▸ **TASK BRIEF**:
Go to the line that contains "Duo Planner de Mesa Semanal e Mensal". Restate that line and each one after it exactly, through the end of the records, without pictures.

Stored data entries:

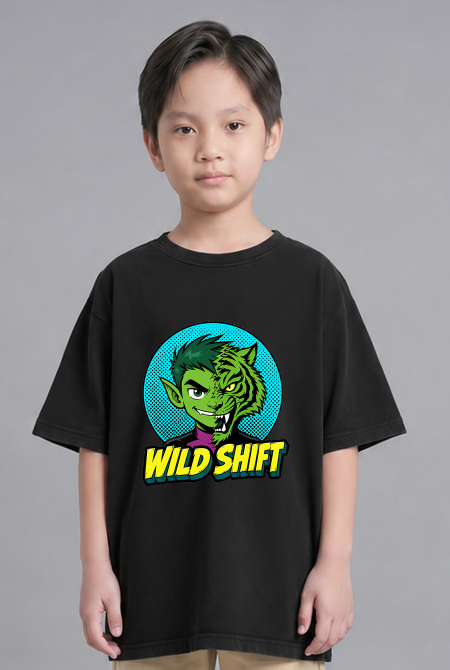 Wild Shift Beast Boy Tiger Shapeshifter Retro Comic 2000s Cartoon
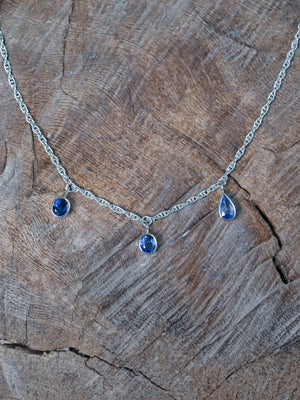 Sterling Silver Blue Sapphire bracelet
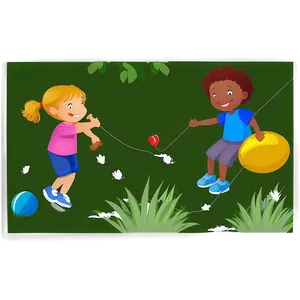 Kids Playing In Park Png Oxs PNG Image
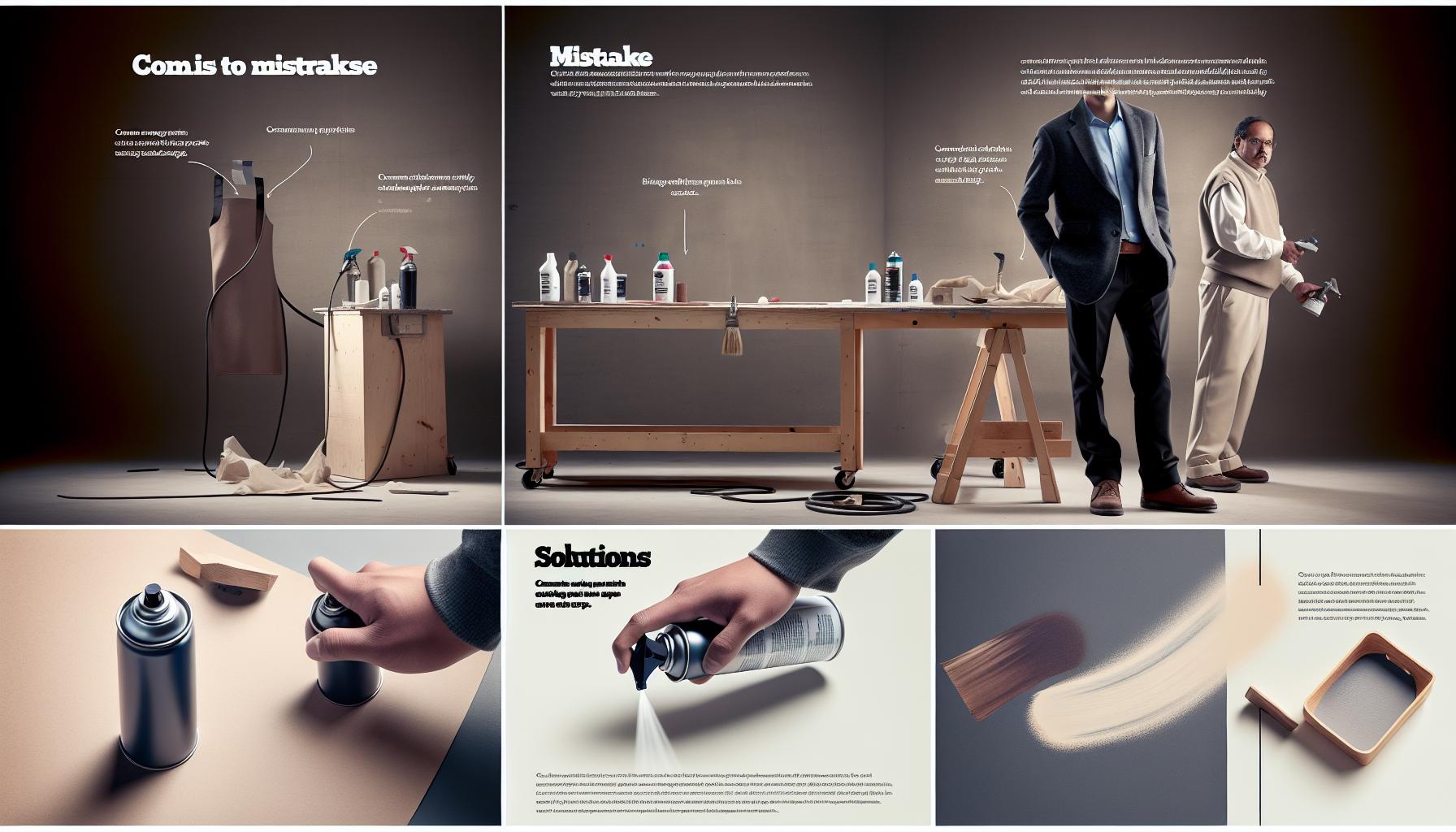 Common Mistakes ⁣When Using Finishing Sprays ⁢and How to Fix Them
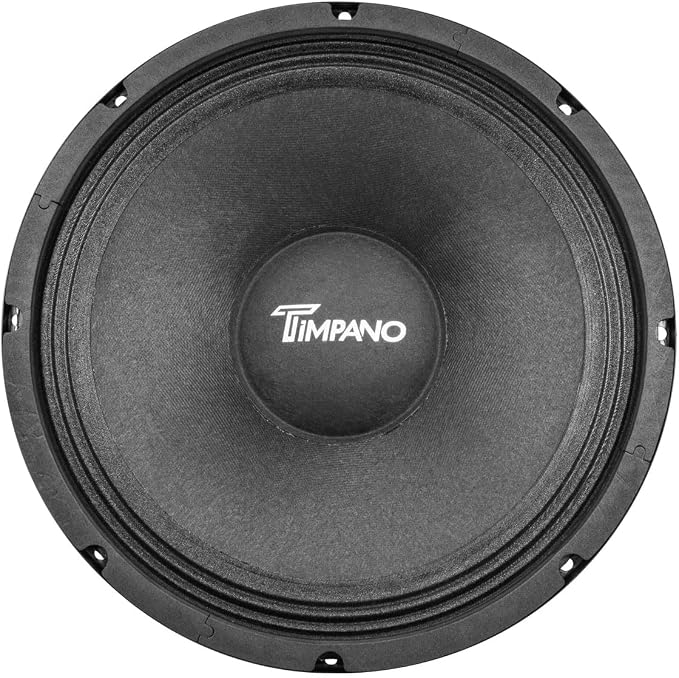 Timpano 12 Inch Midbass Speaker TPT-MD12 800 Watts, 8 Ohm, Mid Bass Loudspeaker for Pro Car Audio (Single)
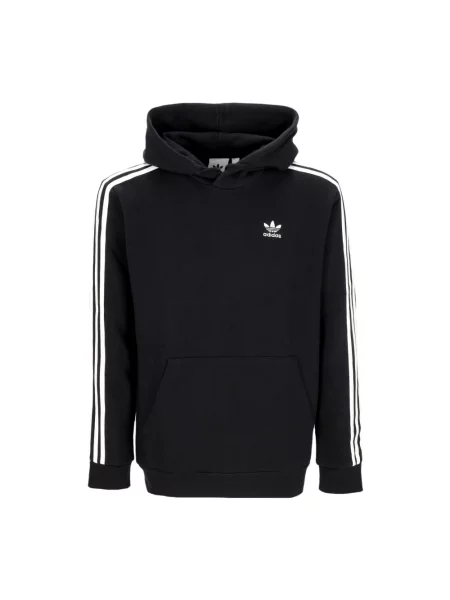Bluza z kapturem Adidas w paski z kapturem czarna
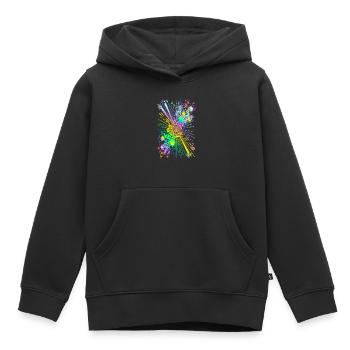 NEW UNIVERSE - Kinder Premium Organic Hoodie - Schwarz - Vorne - AI Model Kid Male (0cm)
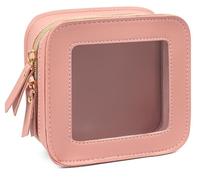 FFpaw Mini trousse de maquillage transparente, petite trousse de toilette transparente étanche avec fermeture éclair, jolie trousse de maquillage pour sac à main, accessoires de voiture pour femmes,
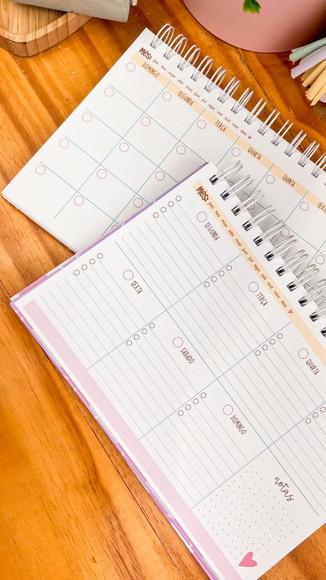 Duo Planner de Mesa Semanal e Mensal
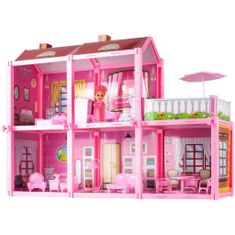 MG Fashion Villa domček pre bábiky, ružový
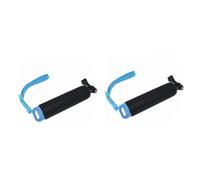 UKCOCO 2pcs Handle Grip with Floating Stick Mount Buoyancy Rod for 5/4/3 Cameras Waterproof Accessory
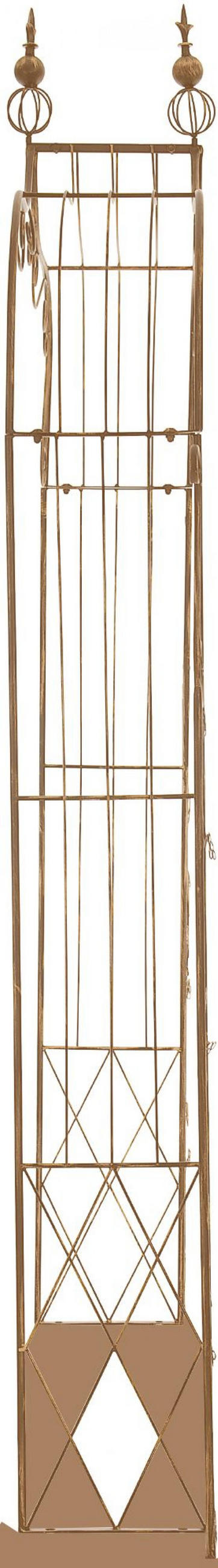 ROSENBOGEN Metall Antik Braun - Braun, Metall (143/248/30cm) - CLP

▸ **EXERCISE RESULT**:
 Duo Planner de Mesa Semanal e Mensal
 MG Fashion Villa domček pre bábiky, ružový
 UKCOCO 2pcs Handle Grip with Floating Stick Mount Buoyancy Rod for 5/4/3 Cameras Waterproof Accessory
 ROSENBOGEN Metall Antik Braun - Braun, Metall (143/248/30cm) - CLP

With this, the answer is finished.